Data excerpts:
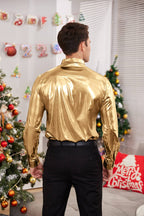 Metallic Disco Shiny Knopf Nightclub Party Hemd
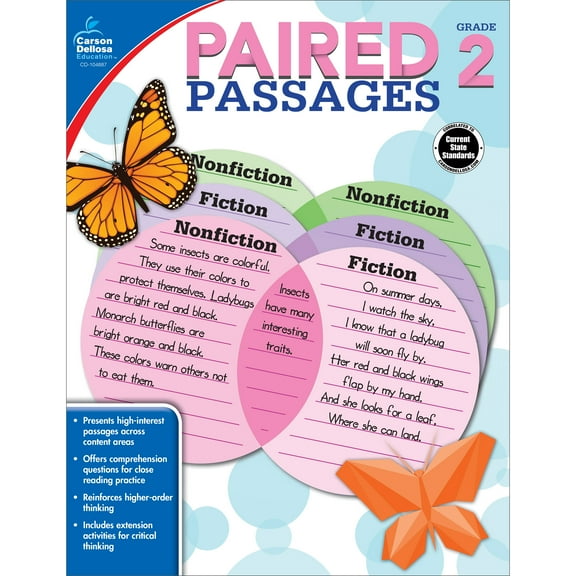 Carson Dellosa Paired Passages Workbook (96 pages) Grade 2
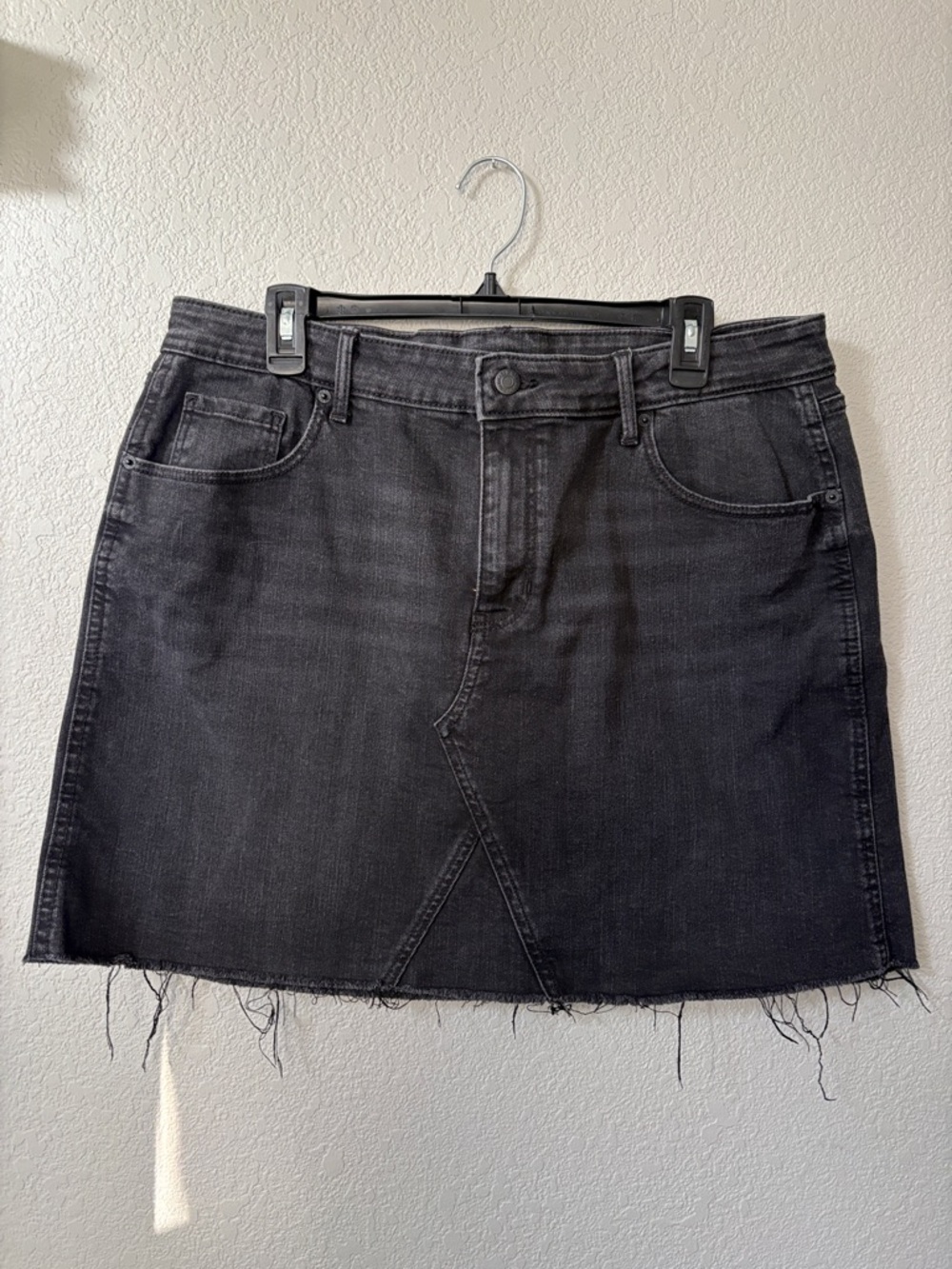 Old Navy Black Denim Mini Skirt with Frayed Hem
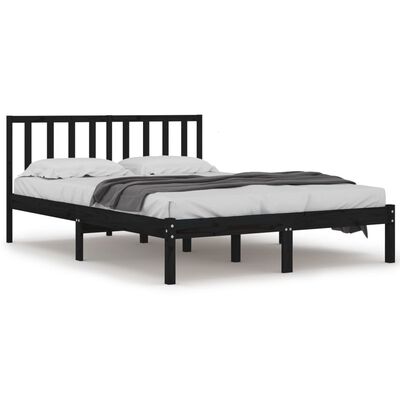 vidaXL Cadre de lit sans matelas noir bois massif de pin 200x200 cm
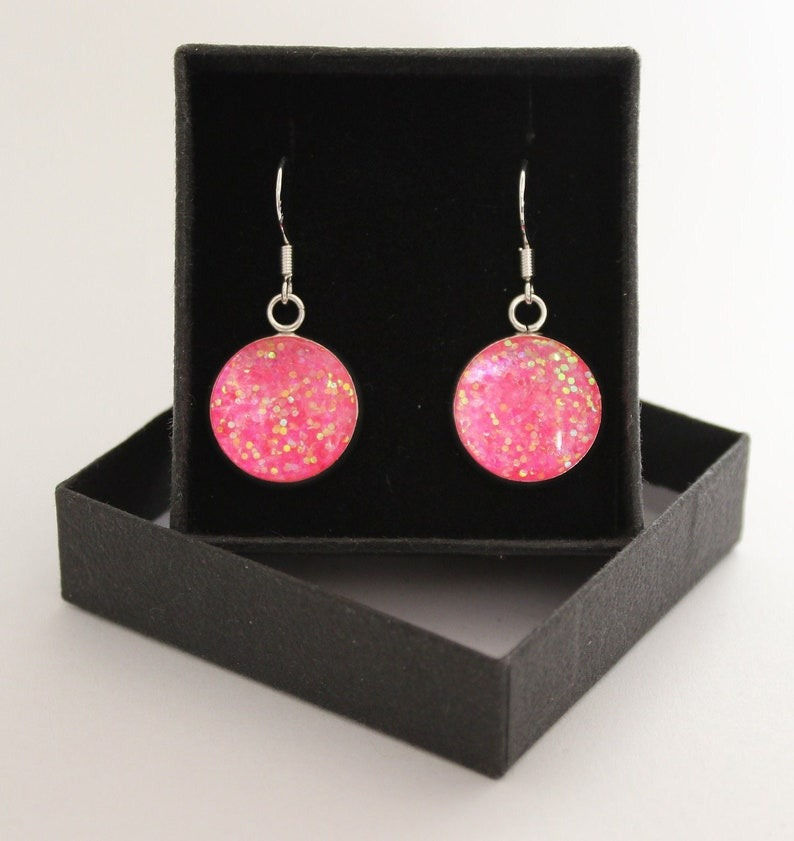 Neon Pink - Glitter Resin drop earrings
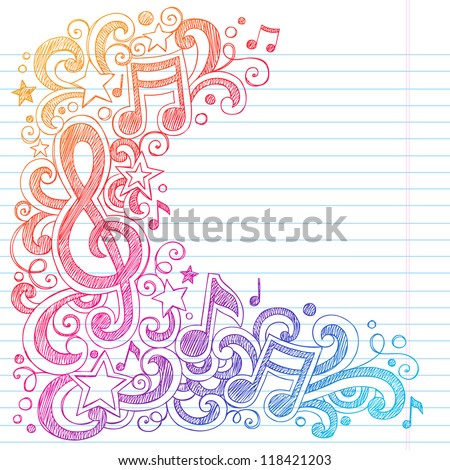 Music Notes G Clef Vector- Back to School Sketchy Notebook Doodles with Music Notes and Swirls- Hand-Drawn Vector Illustration on Lined Sketchbook Paper Background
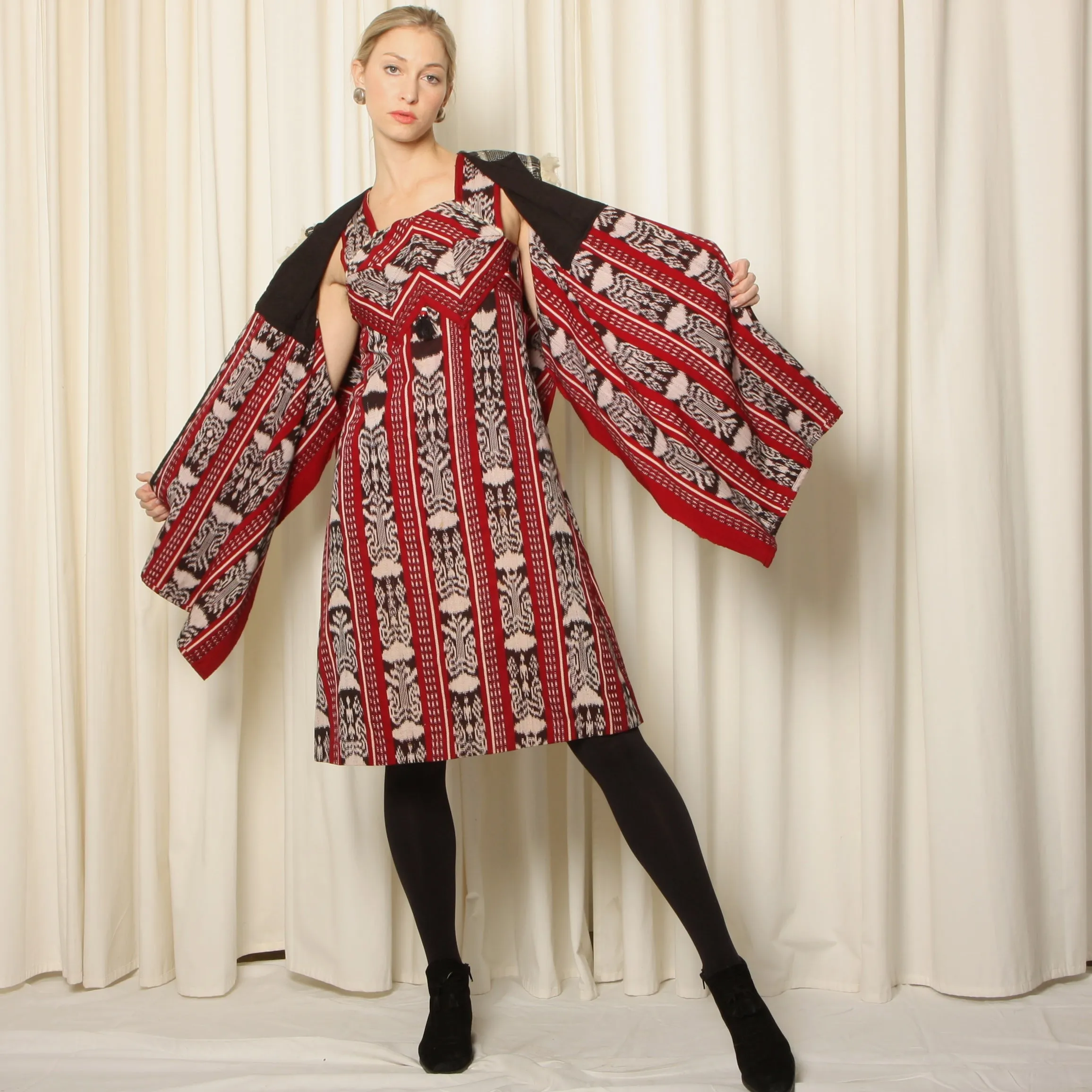 Vintage 70's Louise Perini Guatemalan Woven Jacket   Dress Ensemble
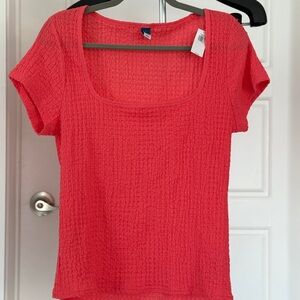 Old Navy Bright Coral Short Sleeve Top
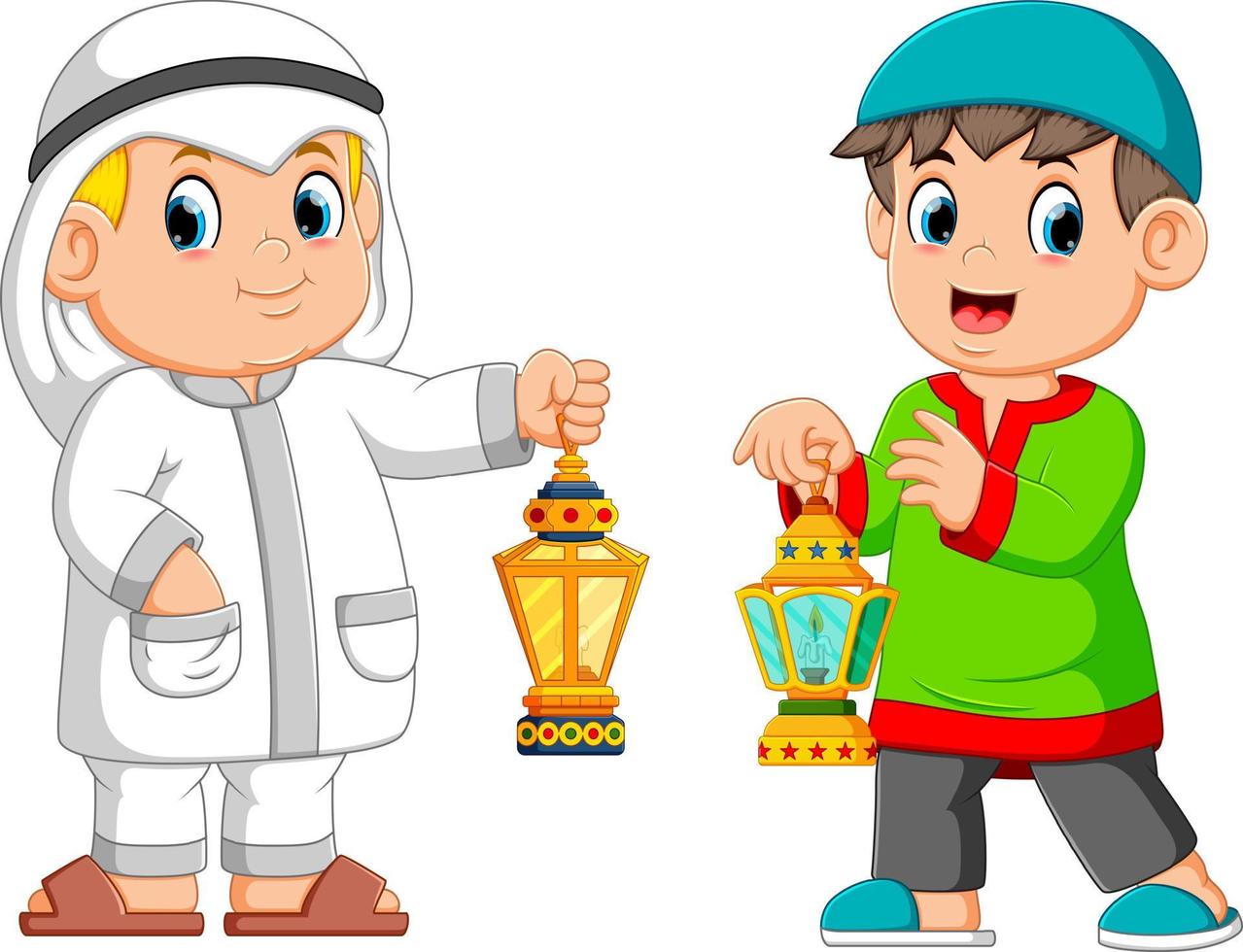 Two Moslem man holding lantern vector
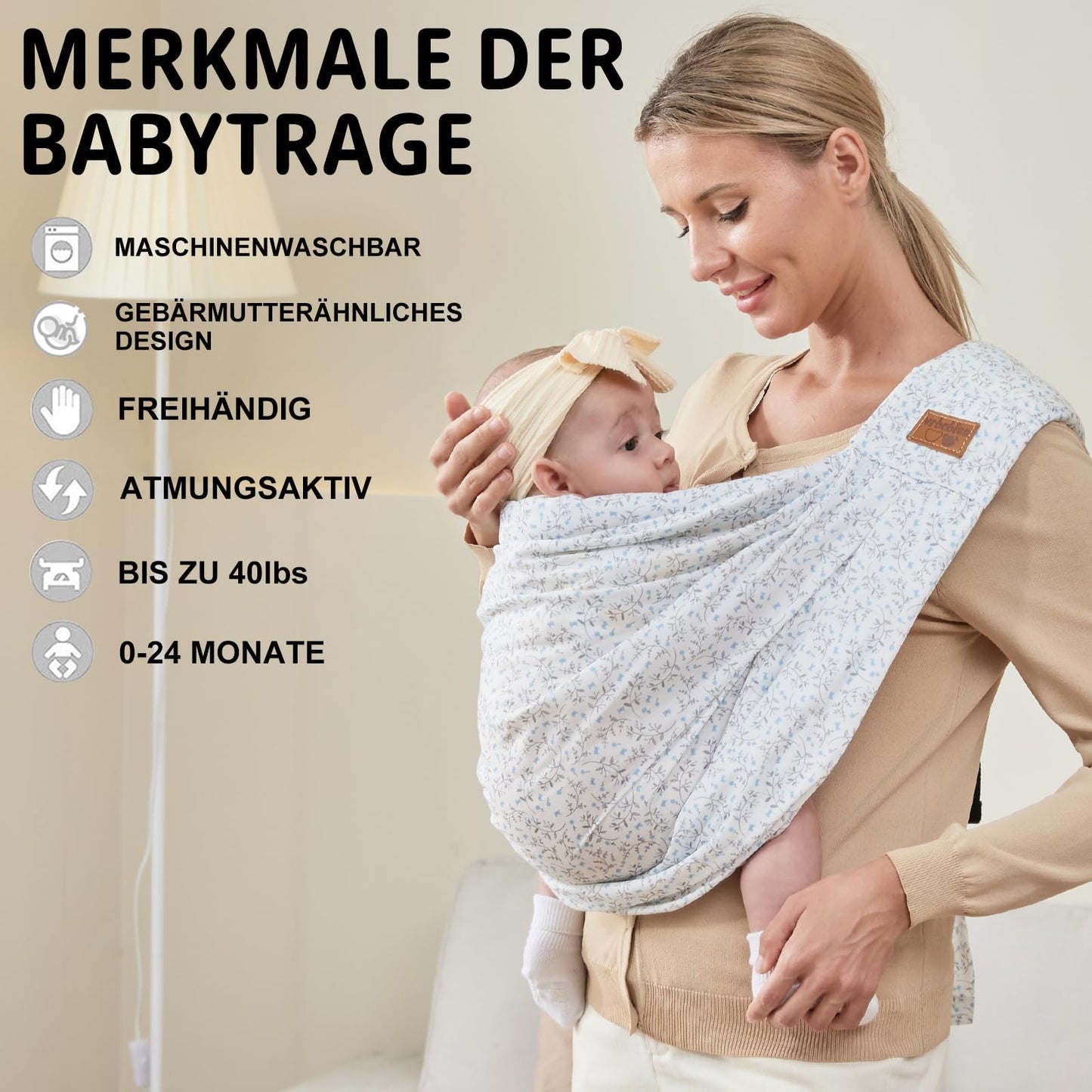 vrbabies Baby Carrier, Baby Wrap Front Carrier for newborns to toddlers, New upgraded adjustable baby carrier on one shoulder for babies 0-24 months up to 40 lbs (Small blue flower)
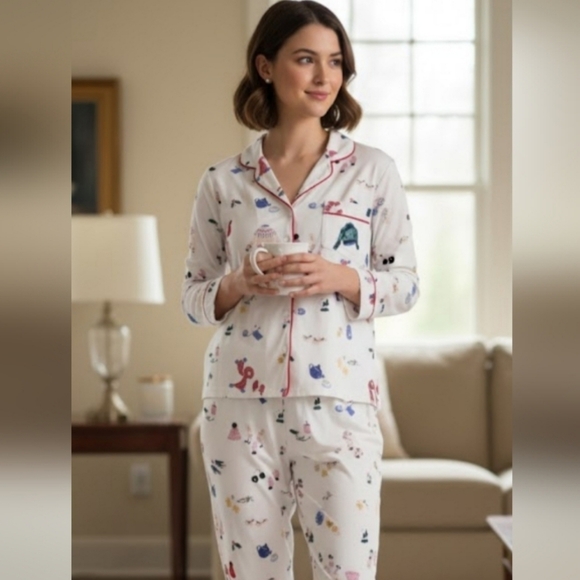 NEW! Kate Spade White Pajama Set Sz Small NWT 105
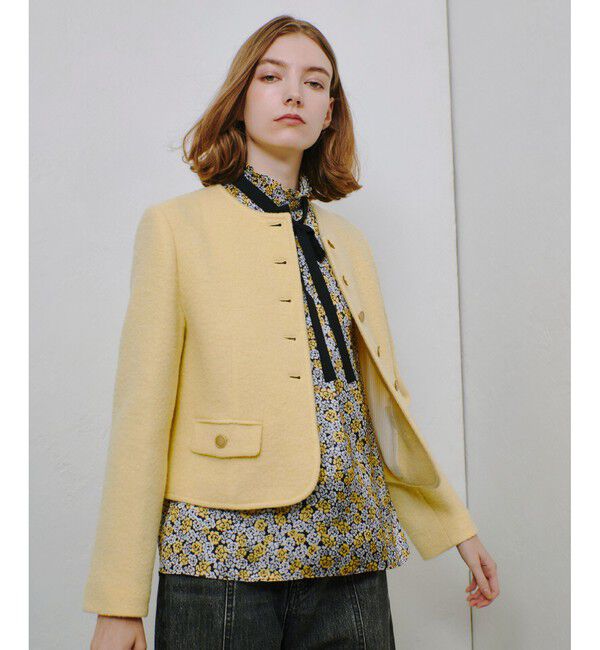 allureville「ブークレーノーカラージャケット」|ノーカラージャケット|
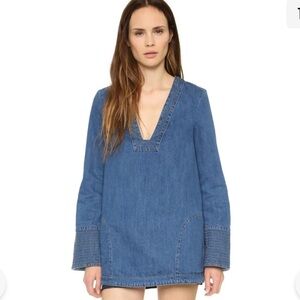 Free People Dreaming Of Denim Hendrix Tunic Oversized xs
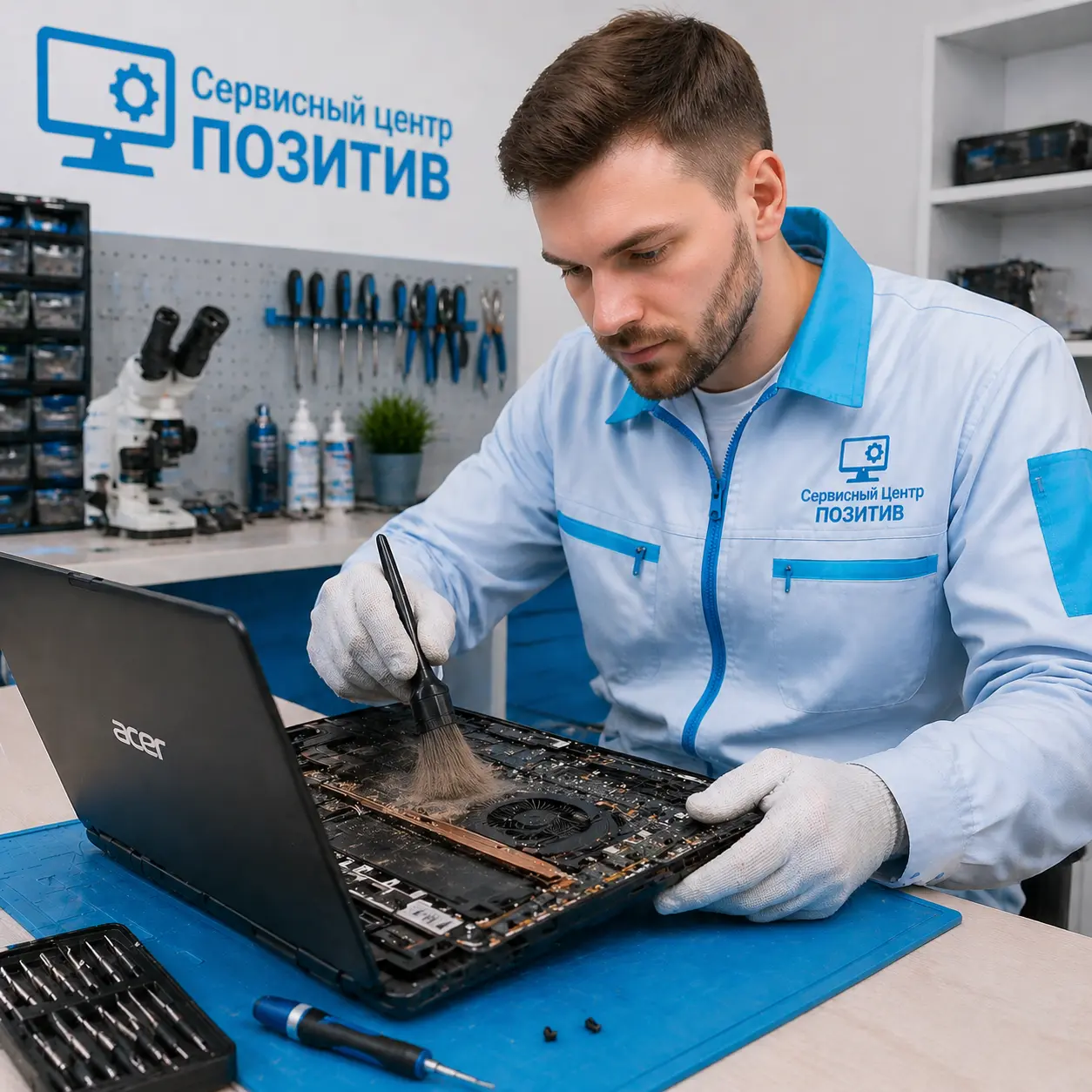 Чистка ноутбука Acer от пыли в Шатуре | Замена термопасты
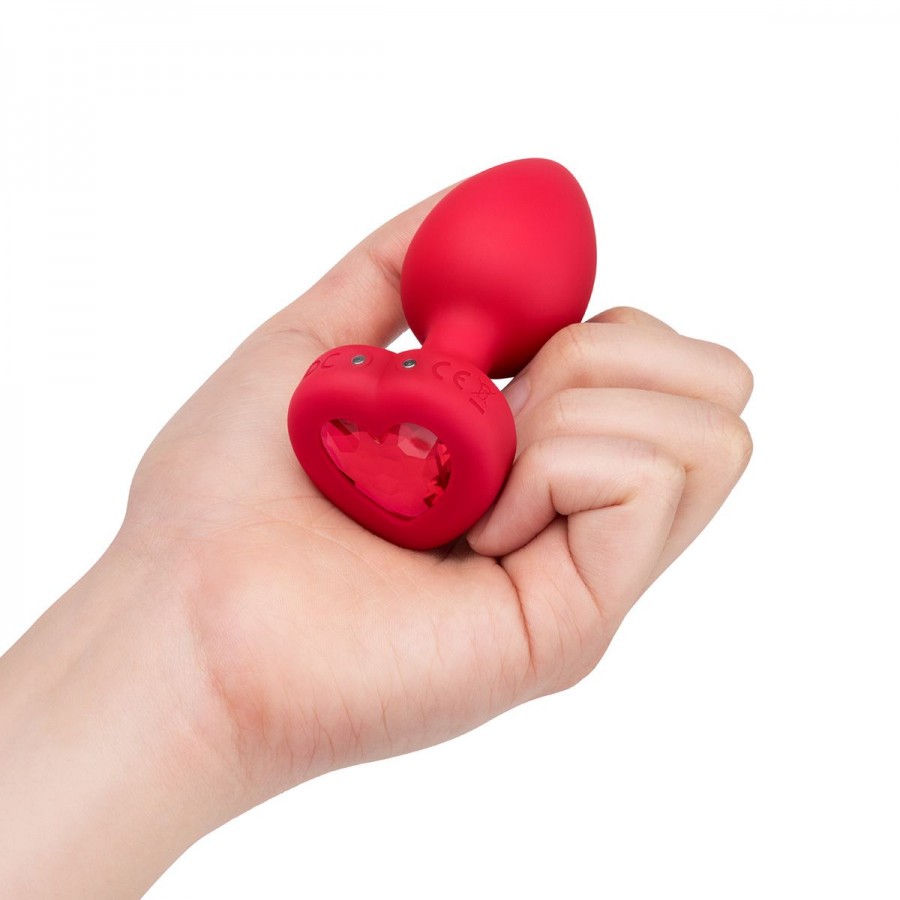 Анальная вибропробка с ДУ B Vibe Vibrating Heart Shape Jewel Plug M-L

Exercise prompt: Each line from the beginning of the entries up to and including the one containing "Neon Pink - Glitter Resin drop earrings" must be restated exactly. Pictures are to be left out.

Written answer:
 Metallic Disco Shiny Knopf Nightclub Party Hemd
 Carson Dellosa Paired Passages Workbook (96 pages) Grade 2
 Old Navy Black Denim Mini Skirt with Frayed Hem
 vidaXL Cadre de lit sans matelas noir bois massif de pin 200x200 cm
 Neon Pink - Glitter Resin drop earrings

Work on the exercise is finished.